中学に入学したての2日目、上履きから靴に履き替え外に出たところ、破裂音のような怒声が響いた。声のした方へ顔を向けると、小太りの男性教師が私に向かって何かを叫びながら近づいてくる。しかし私には怒鳴られる覚えがない。怒られて怖いというよりも、何が起きているのか理解できず混乱した。教師の叫ぶ不明瞭な言葉をよく聞き、ようやく「カカト踏むな言うとんじゃオラァ!」と言っていると気づいた。確かに私はおろし立ての靴のカカトが硬くて完全に履き切れないまま、10mほどカカトを踏んだまま歩いていた。それは行儀の悪いことかもしれない。けれど100%の力で怒鳴られるほどのことだろうか。
立ち止まって靴のカカトの部分を手でひねり出そうと焦っている間も、教師は「親が働いて買ってくれた靴やろうが‼」などと叫び続けていた。
今後の中学生活で、靴のカカトを踏む以上の失態を犯さないとは思えない。今以上にブチ切れられる機会がこれからの中学生活で何度あるのだろうかと考えると、暗澹(あんたん)たる気持ちになった。
私の学校では全校生徒が何かしらの部活に入らなくてはならず、1カ月くらいの間に部活を決める必要があった。本当は野球部に入りたかったが、いじめっ子タイプの同級生がたくさん入部していたので諦めた。

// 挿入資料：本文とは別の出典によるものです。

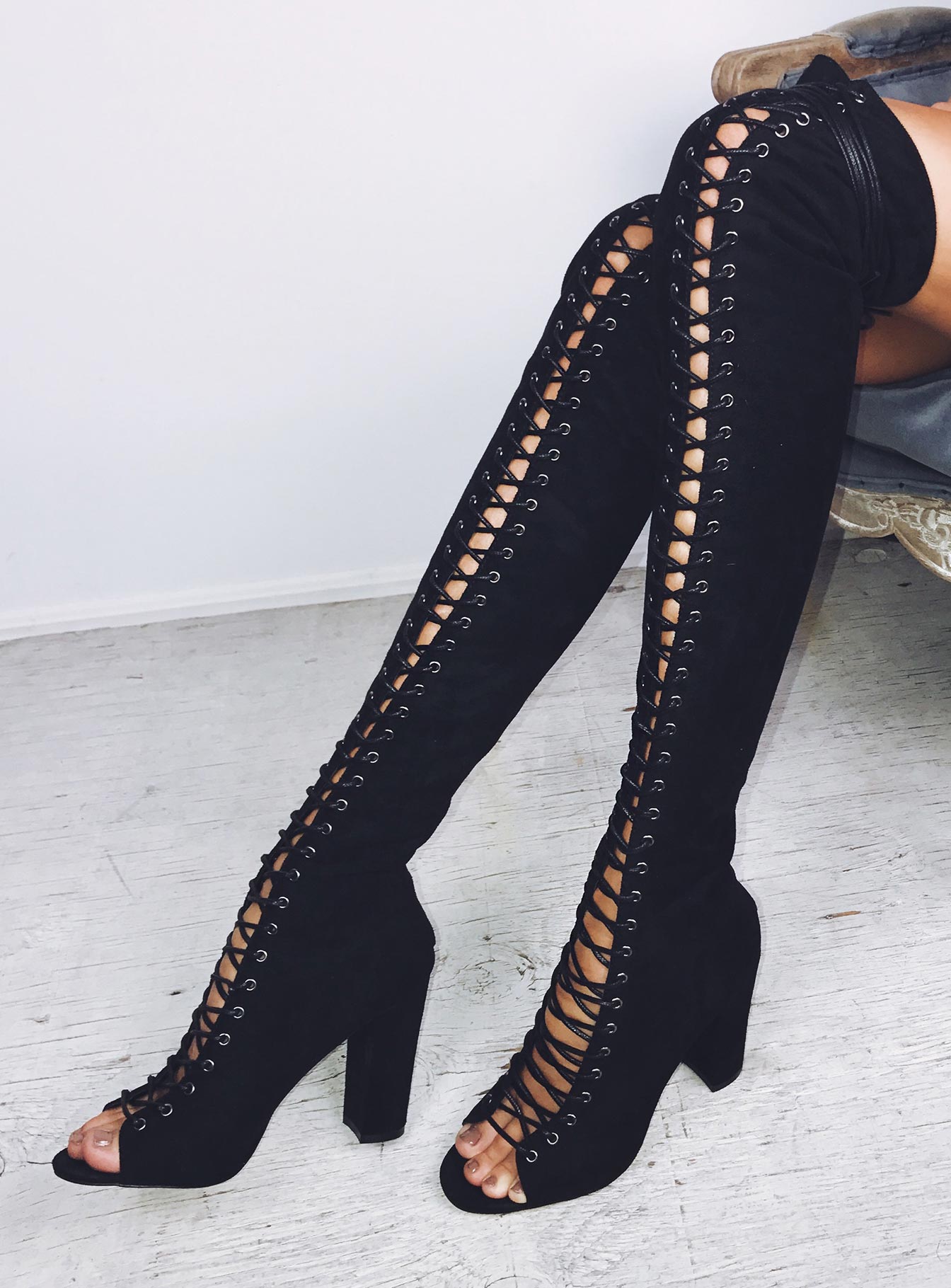 Billini Black Suede Bardot Boots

サッカーだのバレーボールだのを一から始める気にもなれない。小学校の時からやっていた剣道を続けるのがベターな選択肢ではあるが、そこまで剣道を好きではなかった。しかも剣道部の顧問はあの靴のカカトで怒鳴り散らしてきた男である。期限ギリギリまで悩んだが、仲の良い友人が一緒に入るのと、ヤンキーっぽい先輩がいない点を考慮し、結局は剣道部に入ることになった。
なんてダーティな世界
初心者の同級生たちがジャージで素振りなどしている中、経験者の私は入部早々に道着を着て先輩との練習試合に参加し始めた。特別強い学校でもなかったが、やはり小学生のスポーツ少年団と比べるとレベルが違う。何より、ちょっとでも手を抜いたところを見せたら顧問の教師に竹刀でボコボコにされてしまう恐怖心が強く、真剣に練習に取り組まざるを得なかった。先輩が顧問に押し倒されボコボコにされる姿も何度か見た。
剣道では四角く囲まれている線を越えたら場外反則、それを2回繰り返すと一本を取られる。上級生が線の間際で攻防を繰り広げていたところ、顧問が「押せ! 押せ! なんで押し出さんのじゃ! 勝つ気ないんか!」と怒鳴った。
それまで剣道を6年間やってきたが、そんな指示は聞いたことがない。剣道における反則というのは全て事故的に起こるものと思っていた。偶発的に反則を利用して勝とうとする戦略が中学では認められているのか。むしろ反則を取りに行くくらいでないと、やる気に欠けていると判断されるようだ。なんてダーティな世界だろう。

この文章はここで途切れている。